Mayor Rahm Emanuel on Tuesday defended his decision to tax Chicago’s burgeoning home-sharing industry yet again — this time, to bankroll a 50 percent increase in shelter capacity and support services for domestic violence victims.
“I totally reject the notion that, somehow, we’re picking on the home-sharing industry. Airbnb is one of the companies that’s best known,” the mayor said at the WINGS domestic violence shelter in Chicago Lawn, which was built with $500,000 in city land and $1.8 million in disputed back taxes and legal fees paid by a Chicago strip club.
“In fact, what we’re doing is investing in the people of Chicago and victims of domestic violence. … We’re not picking on anybody. We’re actually picking on a problem — and it’s gonna solve it. That’s how I look at it.”
Emanuel noted that the first time he targeted home-sharing — with a 4 percent tax earmarked for homeless services — the home-sharing industry warned that the tax would kill the golden goose that is Chicago’s tourism industry.
It didn’t happen. Chicago drew a record 55 million visitors last year and is on pace to grow that number by 10 percent this year, the mayor said.
“Last year [was the] third year in a row for record growth and we’re on track for a fourth year in a row,” the mayor said.
Airbnb has pushed back — somewhat gingerly — by noting that the city’s 4 percent surcharge to bolster homeless services was not being applied equally.
Airbnb spokesman Benjamin Breit has noted that the home-sharing giant has been “collecting a 21.4 percent occupancy tax” that includes the 4 percent fee and had been alone in doing so.
Although Airbnb supports “the mayor’s desire to aid victims of domestic abuse,” the company argued that Chicagoans would be “best served if the city ensured every short-term rental platform, not just Airbnb, collected Chicago’s taxes and fees, including this one.”
Emanuel stood his ground. His administration later produced a list of roughly 40 companies and individuals that are paying the tax. The list includes Trip Advisor, but not Home Away, which signed an agreement with the city last week.
“I could argue, given who uses Airbnb, we’re actually gonna increase traffic because people are gonna see a city that’s progressive, thinking different, thinking anew and they want to invest in that city,” the mayor said.
“We have a lot to offer. And one of the things we have to offer is a big heart.”
The mayor also teed off on one of his favorite political foils — U.S. Attorney General Jeff Sessions — for reversing an immigration appeals court ruling that granted asylum to a Salvadoran woman who claimed she was a victim of domestic violence.

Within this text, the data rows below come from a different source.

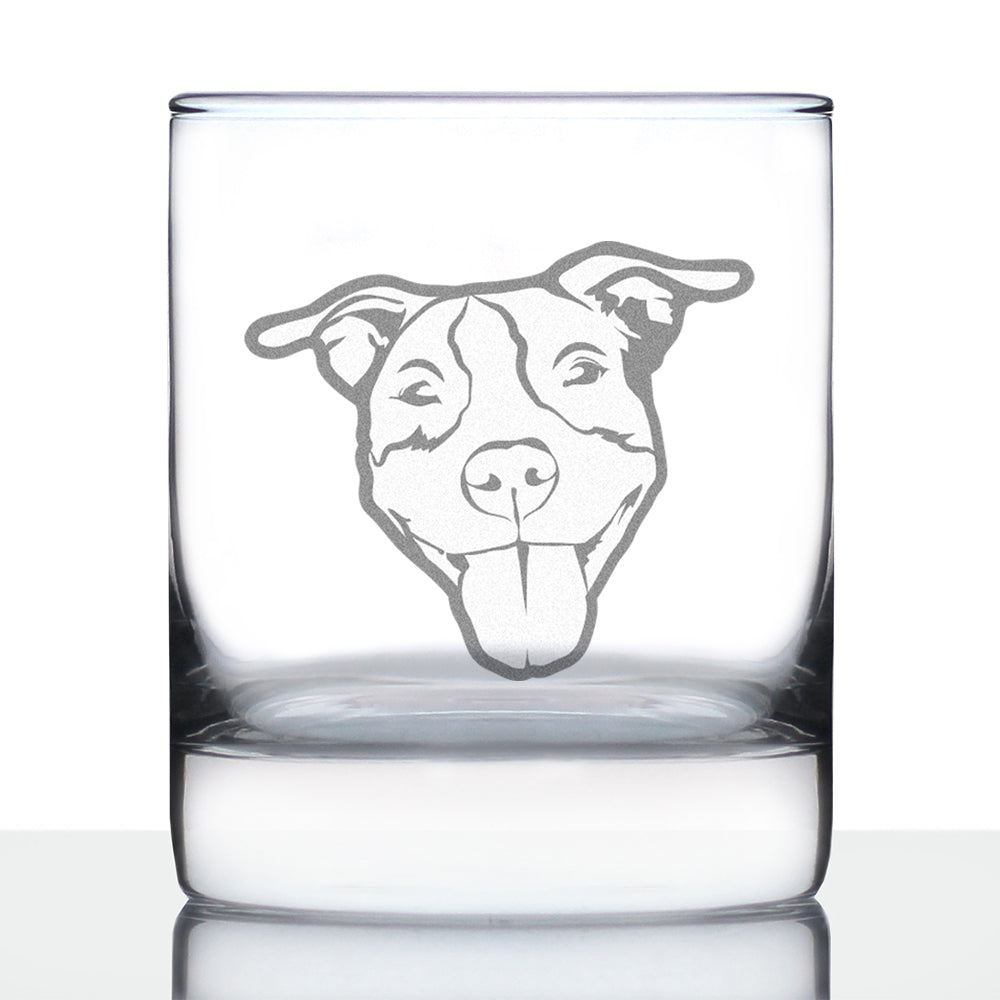 Happy Pitbull - Whiskey Rocks Glass - Unique Pitbull Dog Themed Gifts or Party Decor for Women and Men - 10.25 Oz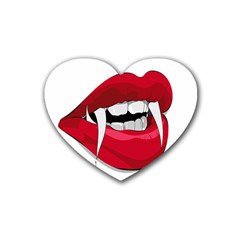 Mouth Jaw Teeth Vampire Blood Heart Coaster (4 Pack)  by Simbadda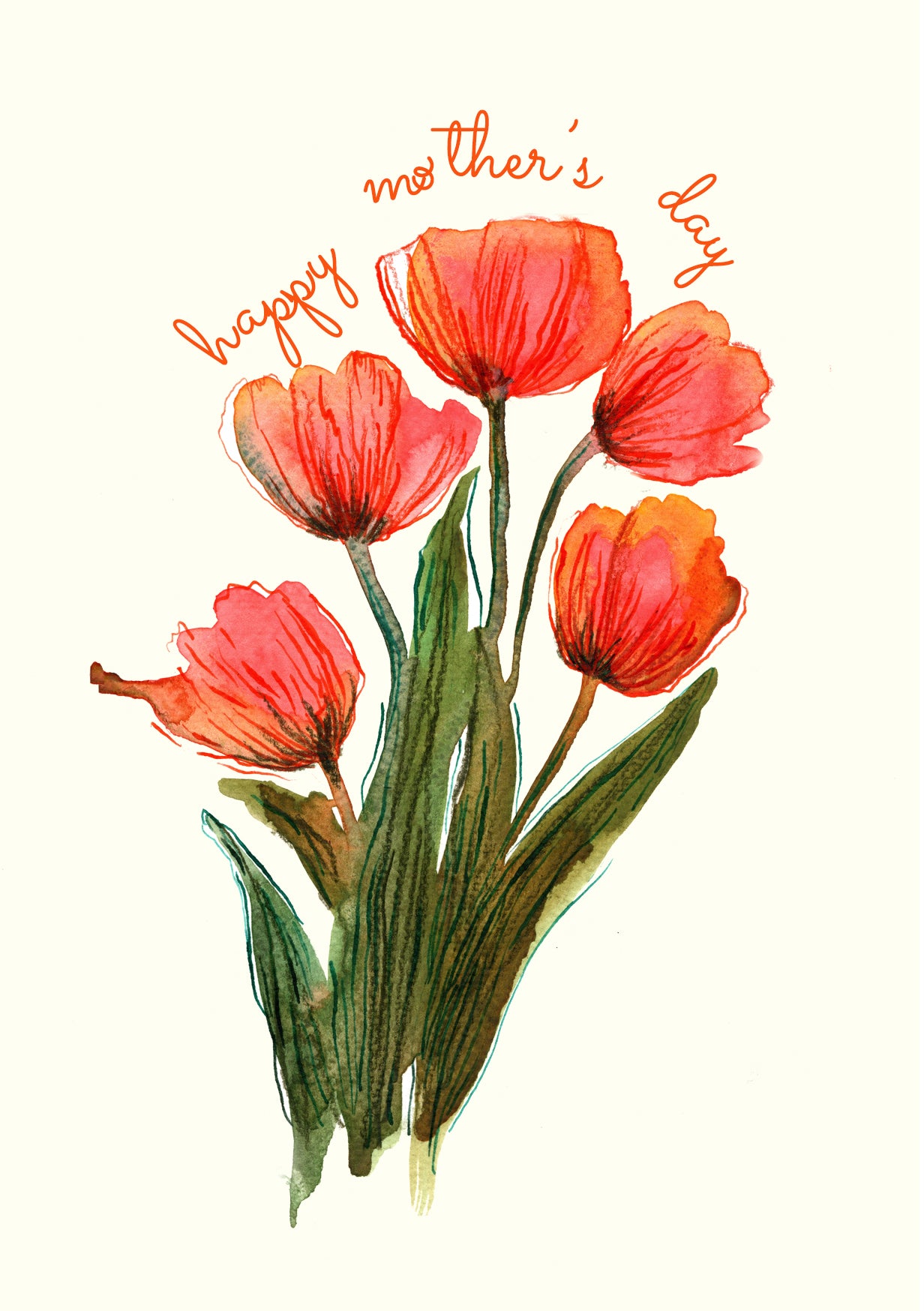 Happy Mother's Day Greetings Card | Elegant Floral Design for Mother's Day | Maria Zvaric Illustration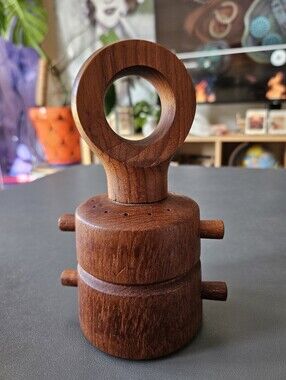 VTG Dansk Jens Quistgaard Teak Eyelet Pepper Mill Salt Shaker Combo 857 MCM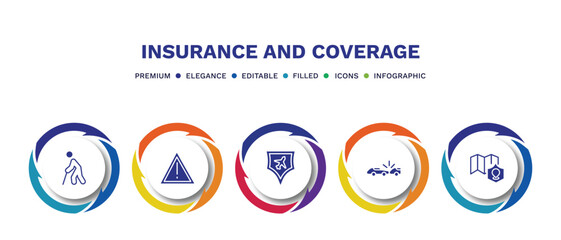 set of insurance and coverage filled icons. insurance and coverage filled icons with infographic template. flat icons such as retirement, disaster, air travel insurance, rear end collision, coverage
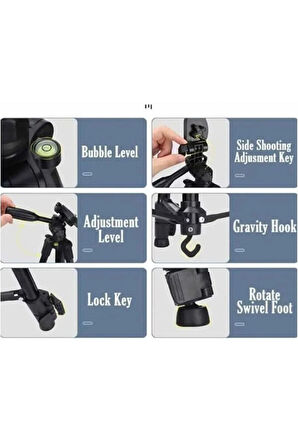 360 Derece Ayarlanabilir 1.36 Metre Kumandalı Telefon Kamera Uyumlu Sabitleyici Tripod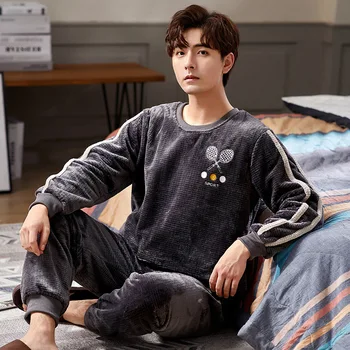 

Set Warm 2PCS Sleepwear Thicken ShirtandPants Couple Coral Fleece Pyjamas Suit Casual Sleep Set Winter Striped Lovers Pajamas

The precedent-setting ruling could make it virtually impossible for domestic violence victims — and victims of gang violence — to gain entry into the United States.
“I’m thinking of providing a one-way ticket on Amtrak so he can go visit Ellis Island,” the mayor said of Sessions, with whom he has done battle over the Trump administration’s threat to cut off federal funding to sanctuary cities.
“Ellis Island was where America stood up in the world and said, ‘We will never turn our back. Give us your poor. Give us your hungry.’ … America has always been a beacon. And you’re actually turning your back on what America’s ideas are.”
Emanuel said America is “not a physical space. It’s a set of ideas and values.”
That makes Sessions’ decision to turn his back on victims of domestic violence “abhorrent and antithetical to everything we stand [for] as a country.”
“I know it’s far away from Alabama, but it’s not that far away from Washington D.C.,” Emanuel said. “I think you [Sessions] would do yourself a world of good to go to Ellis Island.”